The rise of Cloud Computing (CC) paradigm has led to an increasing rate of the model’s adoption among start-ups, private enterprises and many government institutions across the globe. The trend has seen many public service institutions outsourcing some of their Information Technology (IT) resources supporting critical institutional services to Cloud Service Providers (CSPs) delegating to them the management of critical resources and services which traditionally used to be managed in-house.
In digital economies and smart cities, cyber infrastructures provide both the platform and mechanisms for service delivery, Improve organisational flexibility and productivity, improved asset utilisation, aggregated demand and accelerated system consolidation (e.g. Federal Data Centre Consolidation Initiative), improved productivity in application development, application management, cutting down cost of doing business, increasing the quality and innovation within e-government services government provide to citizens and businesses.

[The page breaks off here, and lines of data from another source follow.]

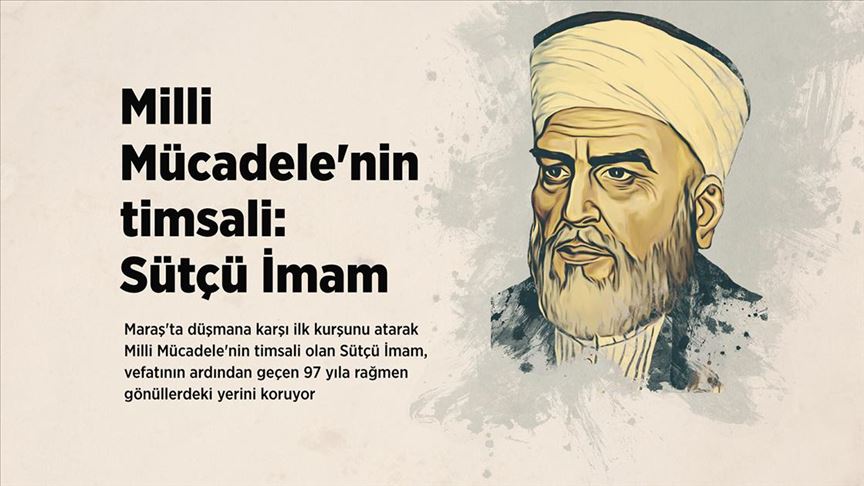 Maraş'ın işgaline karşı ilk kurşunu atan kahraman: Sütçü İmam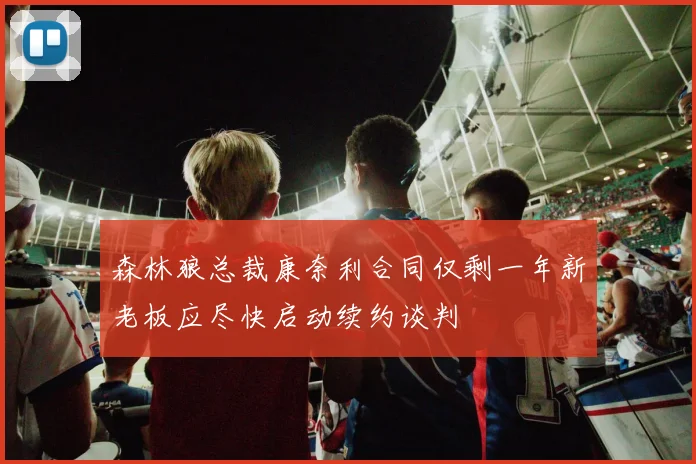 森林狼总裁康奈利合同仅剩一年新老板应尽快启动续约谈判
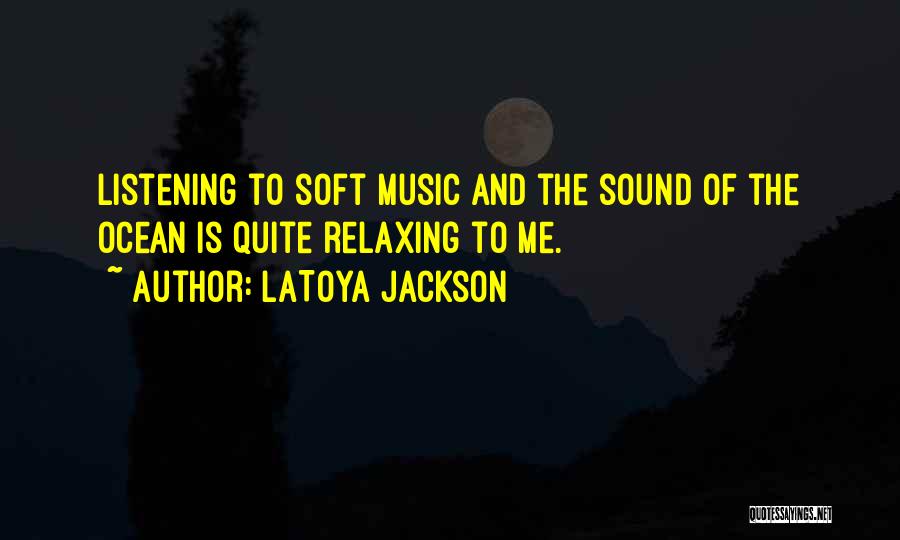 LaToya Jackson Quotes 1197468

However, security risks in cyberspace in recent times have become pervasive concern for all institutions that depend on the platform. Cyber-attack can affect any part of our world and could cause extensive damage to critical services such as transportation, telecommunication systems, health, banking and some cases bringing major economic activities to a halt.
Security risks in cloud infrastructure either due to threat agents or systems vulnerabilities can propagate to critical infrastructures and services that depending on cloud and degrade or disrupt operational services and other functionalities. Conversely, due to infrastructural dependencies, failures in cloud infrastructure setup could propagate to information resources and hence disrupt operation of many of the interconnected systems. For systems reliability and consistent operation of critical infrastructure networks, it is important to have tools and techniques to simulate and model causes and impact of security risks from cloud space and related interdependencies. This research is focusing on developing Risk and Vulnerability Assessment (RVA) model for security risks causes and their impact as well as infrastructural interdependency modelling. My approach is based on system dynamics modelling, where critical infrastructures are viewed as a system of systems. Security risk factor causes are captured using events study method from literature and proprietary online databases while impact analysis is captured using precise risk estimation functions. Interdependencies between different system components are captured using mathematical functions.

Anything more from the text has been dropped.